• Problem to solve: Would you return the lines between the one holding "Mexico National Team" and the one holding "Green Bay Packers", inclusive, and only those, exactly as they stand in the listing below?

• Record extracts:

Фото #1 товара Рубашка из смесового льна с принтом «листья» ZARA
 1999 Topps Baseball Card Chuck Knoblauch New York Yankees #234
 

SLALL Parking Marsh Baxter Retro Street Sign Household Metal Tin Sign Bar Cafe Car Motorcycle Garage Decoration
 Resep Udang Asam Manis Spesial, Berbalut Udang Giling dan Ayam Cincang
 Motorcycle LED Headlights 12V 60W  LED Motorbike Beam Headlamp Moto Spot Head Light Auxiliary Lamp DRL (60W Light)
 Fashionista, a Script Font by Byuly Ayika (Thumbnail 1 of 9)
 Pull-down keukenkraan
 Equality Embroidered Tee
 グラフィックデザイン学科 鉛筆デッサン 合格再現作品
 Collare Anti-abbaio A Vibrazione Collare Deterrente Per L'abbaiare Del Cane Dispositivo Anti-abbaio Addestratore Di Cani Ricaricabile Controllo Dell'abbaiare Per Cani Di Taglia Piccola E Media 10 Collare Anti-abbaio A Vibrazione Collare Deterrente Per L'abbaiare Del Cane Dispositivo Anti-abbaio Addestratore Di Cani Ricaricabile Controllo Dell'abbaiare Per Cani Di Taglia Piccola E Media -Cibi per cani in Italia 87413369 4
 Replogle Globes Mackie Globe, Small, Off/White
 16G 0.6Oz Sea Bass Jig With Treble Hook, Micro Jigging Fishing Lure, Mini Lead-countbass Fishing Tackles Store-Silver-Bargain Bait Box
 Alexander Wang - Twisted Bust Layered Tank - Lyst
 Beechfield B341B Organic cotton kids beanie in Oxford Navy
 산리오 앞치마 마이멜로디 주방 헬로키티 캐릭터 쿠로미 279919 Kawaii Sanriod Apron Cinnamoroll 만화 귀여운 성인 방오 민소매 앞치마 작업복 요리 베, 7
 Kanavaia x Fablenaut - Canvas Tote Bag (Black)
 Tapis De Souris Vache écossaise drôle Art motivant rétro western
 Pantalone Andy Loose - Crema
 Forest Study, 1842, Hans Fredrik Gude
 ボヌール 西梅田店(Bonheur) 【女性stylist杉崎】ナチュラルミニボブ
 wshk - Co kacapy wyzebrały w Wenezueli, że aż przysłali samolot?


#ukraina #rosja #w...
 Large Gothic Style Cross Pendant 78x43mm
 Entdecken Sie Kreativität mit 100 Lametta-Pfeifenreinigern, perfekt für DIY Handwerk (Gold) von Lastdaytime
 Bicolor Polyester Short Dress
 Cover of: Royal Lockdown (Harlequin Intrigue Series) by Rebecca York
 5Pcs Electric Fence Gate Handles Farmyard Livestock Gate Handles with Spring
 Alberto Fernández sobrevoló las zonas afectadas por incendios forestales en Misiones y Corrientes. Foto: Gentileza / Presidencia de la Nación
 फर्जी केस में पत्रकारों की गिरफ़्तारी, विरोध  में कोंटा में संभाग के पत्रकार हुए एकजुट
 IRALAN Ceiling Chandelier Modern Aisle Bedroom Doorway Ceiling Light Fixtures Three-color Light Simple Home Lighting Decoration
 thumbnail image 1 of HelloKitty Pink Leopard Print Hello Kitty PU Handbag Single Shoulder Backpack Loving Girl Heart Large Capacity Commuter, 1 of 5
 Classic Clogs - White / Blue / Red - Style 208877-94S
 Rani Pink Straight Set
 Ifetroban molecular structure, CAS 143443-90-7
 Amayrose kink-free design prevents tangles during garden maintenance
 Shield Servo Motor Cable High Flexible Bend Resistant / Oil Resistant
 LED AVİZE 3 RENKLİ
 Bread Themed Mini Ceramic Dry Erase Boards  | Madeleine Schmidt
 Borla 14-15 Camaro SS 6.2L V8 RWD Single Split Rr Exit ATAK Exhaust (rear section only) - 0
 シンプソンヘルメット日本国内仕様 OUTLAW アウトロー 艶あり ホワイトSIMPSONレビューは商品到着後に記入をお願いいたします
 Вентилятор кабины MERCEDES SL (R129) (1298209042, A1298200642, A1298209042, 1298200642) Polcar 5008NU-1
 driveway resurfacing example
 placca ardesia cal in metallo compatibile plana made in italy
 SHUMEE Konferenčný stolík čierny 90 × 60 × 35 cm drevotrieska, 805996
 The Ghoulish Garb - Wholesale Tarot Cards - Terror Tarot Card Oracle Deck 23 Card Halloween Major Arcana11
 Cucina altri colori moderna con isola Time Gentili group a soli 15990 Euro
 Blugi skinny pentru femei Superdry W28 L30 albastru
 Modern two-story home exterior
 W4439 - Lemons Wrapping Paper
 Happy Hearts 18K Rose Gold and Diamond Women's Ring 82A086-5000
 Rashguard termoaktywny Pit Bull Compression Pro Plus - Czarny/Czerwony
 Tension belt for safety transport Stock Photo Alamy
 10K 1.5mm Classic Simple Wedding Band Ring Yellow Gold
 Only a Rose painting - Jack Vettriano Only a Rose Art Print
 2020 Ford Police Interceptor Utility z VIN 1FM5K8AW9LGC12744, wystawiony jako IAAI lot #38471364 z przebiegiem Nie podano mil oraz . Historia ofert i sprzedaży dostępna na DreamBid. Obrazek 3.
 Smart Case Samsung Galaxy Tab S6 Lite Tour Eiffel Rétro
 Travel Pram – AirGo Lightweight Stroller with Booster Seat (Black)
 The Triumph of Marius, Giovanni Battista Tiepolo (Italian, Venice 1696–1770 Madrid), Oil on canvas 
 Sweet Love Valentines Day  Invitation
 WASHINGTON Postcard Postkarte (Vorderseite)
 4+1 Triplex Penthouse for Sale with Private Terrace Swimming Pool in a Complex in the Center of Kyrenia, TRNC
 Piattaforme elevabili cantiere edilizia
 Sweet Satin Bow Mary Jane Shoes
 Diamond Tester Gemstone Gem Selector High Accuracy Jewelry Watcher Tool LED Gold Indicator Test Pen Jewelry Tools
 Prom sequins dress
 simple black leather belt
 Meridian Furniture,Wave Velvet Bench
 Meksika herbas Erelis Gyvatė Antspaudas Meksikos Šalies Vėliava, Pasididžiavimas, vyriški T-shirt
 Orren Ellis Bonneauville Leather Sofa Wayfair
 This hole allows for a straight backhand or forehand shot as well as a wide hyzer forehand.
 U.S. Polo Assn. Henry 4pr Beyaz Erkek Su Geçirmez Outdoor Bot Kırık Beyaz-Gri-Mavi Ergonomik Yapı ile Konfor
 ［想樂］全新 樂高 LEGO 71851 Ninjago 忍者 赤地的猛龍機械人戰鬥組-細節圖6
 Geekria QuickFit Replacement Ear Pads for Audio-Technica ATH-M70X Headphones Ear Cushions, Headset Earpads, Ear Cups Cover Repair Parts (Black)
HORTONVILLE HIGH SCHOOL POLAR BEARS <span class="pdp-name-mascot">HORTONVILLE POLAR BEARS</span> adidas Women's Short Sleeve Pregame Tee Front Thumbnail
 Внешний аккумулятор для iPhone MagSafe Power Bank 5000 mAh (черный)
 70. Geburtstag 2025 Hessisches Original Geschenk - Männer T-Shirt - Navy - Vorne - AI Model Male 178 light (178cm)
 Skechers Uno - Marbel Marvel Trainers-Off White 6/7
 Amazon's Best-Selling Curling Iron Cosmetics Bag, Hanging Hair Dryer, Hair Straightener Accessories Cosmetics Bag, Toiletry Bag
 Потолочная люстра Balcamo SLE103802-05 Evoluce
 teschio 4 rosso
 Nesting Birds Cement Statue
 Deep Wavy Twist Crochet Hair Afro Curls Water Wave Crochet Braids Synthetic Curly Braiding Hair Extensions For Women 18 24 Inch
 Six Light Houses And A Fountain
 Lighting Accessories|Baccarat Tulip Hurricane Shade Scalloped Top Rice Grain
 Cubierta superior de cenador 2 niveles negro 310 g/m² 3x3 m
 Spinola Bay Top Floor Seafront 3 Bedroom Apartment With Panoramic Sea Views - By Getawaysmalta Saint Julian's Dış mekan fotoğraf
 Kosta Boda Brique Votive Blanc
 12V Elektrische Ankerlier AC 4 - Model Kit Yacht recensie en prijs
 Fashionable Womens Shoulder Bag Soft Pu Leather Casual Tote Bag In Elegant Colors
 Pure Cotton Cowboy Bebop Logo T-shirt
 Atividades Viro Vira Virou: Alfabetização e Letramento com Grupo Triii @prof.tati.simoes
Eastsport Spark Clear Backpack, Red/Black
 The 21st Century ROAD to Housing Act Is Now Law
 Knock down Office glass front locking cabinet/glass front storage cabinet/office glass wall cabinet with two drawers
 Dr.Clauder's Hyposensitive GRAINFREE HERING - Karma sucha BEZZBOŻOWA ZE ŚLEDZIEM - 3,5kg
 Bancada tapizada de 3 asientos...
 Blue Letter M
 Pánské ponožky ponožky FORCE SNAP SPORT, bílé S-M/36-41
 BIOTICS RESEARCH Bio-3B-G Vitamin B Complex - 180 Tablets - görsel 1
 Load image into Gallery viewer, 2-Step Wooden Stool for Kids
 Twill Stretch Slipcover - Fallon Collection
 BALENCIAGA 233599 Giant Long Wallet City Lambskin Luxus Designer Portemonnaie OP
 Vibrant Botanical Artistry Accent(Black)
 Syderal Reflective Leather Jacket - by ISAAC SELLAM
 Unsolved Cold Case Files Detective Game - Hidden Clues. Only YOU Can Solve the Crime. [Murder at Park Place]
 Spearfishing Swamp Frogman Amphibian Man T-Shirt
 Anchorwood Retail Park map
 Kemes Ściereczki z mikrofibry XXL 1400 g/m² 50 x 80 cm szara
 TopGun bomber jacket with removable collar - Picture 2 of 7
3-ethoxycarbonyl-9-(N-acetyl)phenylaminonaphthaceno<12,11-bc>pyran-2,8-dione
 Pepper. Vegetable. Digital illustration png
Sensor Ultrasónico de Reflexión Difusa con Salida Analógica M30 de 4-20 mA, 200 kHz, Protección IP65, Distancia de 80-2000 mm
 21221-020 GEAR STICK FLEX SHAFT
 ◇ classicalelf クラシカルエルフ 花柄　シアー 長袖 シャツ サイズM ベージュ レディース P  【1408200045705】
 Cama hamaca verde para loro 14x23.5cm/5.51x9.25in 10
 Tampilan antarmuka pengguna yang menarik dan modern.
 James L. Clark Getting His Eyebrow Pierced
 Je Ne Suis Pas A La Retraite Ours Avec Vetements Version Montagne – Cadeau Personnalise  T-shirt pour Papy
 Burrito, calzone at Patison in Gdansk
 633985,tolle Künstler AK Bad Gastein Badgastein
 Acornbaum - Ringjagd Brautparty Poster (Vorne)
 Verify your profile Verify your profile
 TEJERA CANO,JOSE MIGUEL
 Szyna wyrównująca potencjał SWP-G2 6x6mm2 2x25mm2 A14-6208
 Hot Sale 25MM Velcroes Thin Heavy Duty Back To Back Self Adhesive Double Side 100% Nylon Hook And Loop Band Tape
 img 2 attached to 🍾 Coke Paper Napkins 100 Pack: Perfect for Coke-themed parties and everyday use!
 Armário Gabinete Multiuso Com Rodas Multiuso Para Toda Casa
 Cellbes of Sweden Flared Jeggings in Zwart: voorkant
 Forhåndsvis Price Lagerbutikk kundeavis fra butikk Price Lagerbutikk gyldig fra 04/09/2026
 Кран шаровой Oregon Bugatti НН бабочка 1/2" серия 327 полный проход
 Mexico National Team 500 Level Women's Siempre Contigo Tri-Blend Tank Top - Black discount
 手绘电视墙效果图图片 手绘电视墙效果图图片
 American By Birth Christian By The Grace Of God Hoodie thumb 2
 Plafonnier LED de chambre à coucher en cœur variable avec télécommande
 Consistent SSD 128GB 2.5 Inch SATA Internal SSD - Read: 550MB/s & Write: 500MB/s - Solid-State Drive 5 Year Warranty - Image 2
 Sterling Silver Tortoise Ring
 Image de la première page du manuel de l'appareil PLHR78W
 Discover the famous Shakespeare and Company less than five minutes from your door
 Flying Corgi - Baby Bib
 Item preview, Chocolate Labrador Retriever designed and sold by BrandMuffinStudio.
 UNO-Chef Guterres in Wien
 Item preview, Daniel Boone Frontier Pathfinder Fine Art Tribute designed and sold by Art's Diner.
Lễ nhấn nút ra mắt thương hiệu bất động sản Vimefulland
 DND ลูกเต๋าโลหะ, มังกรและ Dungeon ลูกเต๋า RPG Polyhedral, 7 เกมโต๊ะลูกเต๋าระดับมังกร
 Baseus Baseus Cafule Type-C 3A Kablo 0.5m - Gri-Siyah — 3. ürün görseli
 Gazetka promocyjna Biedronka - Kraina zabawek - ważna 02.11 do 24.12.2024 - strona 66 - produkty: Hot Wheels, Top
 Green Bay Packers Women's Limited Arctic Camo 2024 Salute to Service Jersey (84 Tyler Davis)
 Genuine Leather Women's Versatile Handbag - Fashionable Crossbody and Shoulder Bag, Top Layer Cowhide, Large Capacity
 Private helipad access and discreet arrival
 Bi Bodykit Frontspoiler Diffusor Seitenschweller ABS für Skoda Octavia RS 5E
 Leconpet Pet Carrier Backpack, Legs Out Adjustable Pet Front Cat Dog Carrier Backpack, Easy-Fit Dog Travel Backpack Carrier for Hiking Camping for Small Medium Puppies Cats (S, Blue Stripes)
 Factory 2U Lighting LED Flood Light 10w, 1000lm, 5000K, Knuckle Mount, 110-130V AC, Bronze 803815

• Answer area:
 Mexico National Team 500 Level Women's Siempre Contigo Tri-Blend Tank Top - Black discount
 手绘电视墙效果图图片 手绘电视墙效果图图片
 American By Birth Christian By The Grace Of God Hoodie thumb 2
 Plafonnier LED de chambre à coucher en cœur variable avec télécommande
 Consistent SSD 128GB 2.5 Inch SATA Internal SSD - Read: 550MB/s & Write: 500MB/s - Solid-State Drive 5 Year Warranty - Image 2
 Sterling Silver Tortoise Ring
 Image de la première page du manuel de l'appareil PLHR78W
 Discover the famous Shakespeare and Company less than five minutes from your door
 Flying Corgi - Baby Bib
 Item preview, Chocolate Labrador Retriever designed and sold by BrandMuffinStudio.
 UNO-Chef Guterres in Wien
 Item preview, Daniel Boone Frontier Pathfinder Fine Art Tribute designed and sold by Art's Diner.
Lễ nhấn nút ra mắt thương hiệu bất động sản Vimefulland
 DND ลูกเต๋าโลหะ, มังกรและ Dungeon ลูกเต๋า RPG Polyhedral, 7 เกมโต๊ะลูกเต๋าระดับมังกร
 Baseus Baseus Cafule Type-C 3A Kablo 0.5m - Gri-Siyah — 3. ürün görseli
 Gazetka promocyjna Biedronka - Kraina zabawek - ważna 02.11 do 24.12.2024 - strona 66 - produkty: Hot Wheels, Top
 Green Bay Packers Women's Limited Arctic Camo 2024 Salute to Service Jersey (84 Tyler Davis)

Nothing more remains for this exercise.